Brookings has collected a year of data on an experiment it calls "transformative placemaking," with case studies from up and down the East Coast.
"By numerous measures, the Steel City is on the rise. But much of its growth and prosperity are concentrating downtown and in a handful of adjacent neighborhoods, while other neighborhoods—home primarily to people of color and high-poverty households—have yet to feel the lift," according to an article by Jennifer S. Vey and Hanna Love.
The example of Pittsburgh is cited as emblematic of similar dichotomies in other cities around the United States, and the raison d'être for a program established a year ago to address exactly these challenges. Vey and Love explain more:
One year ago this month, Brookings Metro dove into this fray with the establishment of the Bass Center for Transformative Placemaking. The impetus stemmed from the recognition that market disruptions, coupled with changing demographic and household structures, are sharpening the nation’s long-standing spatial divides—and that new sets of place-led policies and practices are essential to bridging them.
A year later, the team at the Bass Center is revealing an "outcome-oriented framework" for transformative placemaking.

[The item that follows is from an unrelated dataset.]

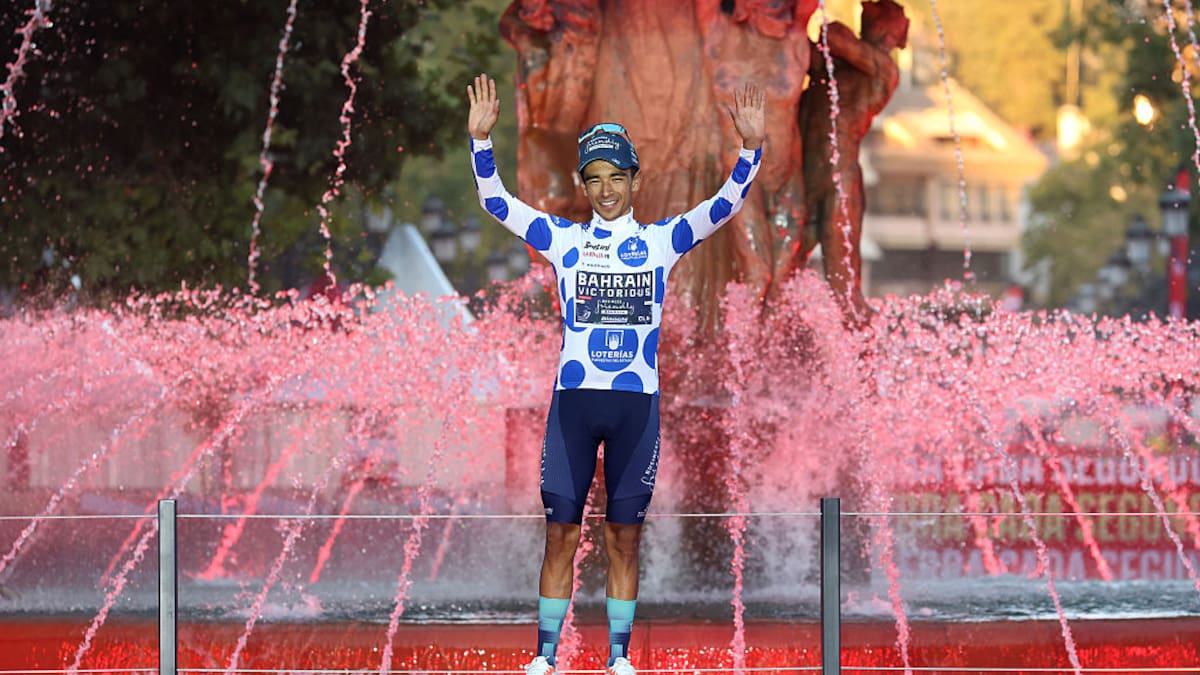 Espectacular ascenso de Santiago Buitrago en el Ranking UCI, luego de la Vuelta a España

The framework—meant to be adapted and refined to reflect community priorities and realities—is designed to provide stakeholders in urban, suburban, and rural areas with a holistic template for creating connected, vibrant, and inclusive communities.
According to the article, three attributes distinguish transformative placemaking from other forms of practice and public relations: scope, scale and level of integration. The article cites examples from Philadelphia, Memphis, and more to show examples of how this framework can be put into practice in different market and political environments.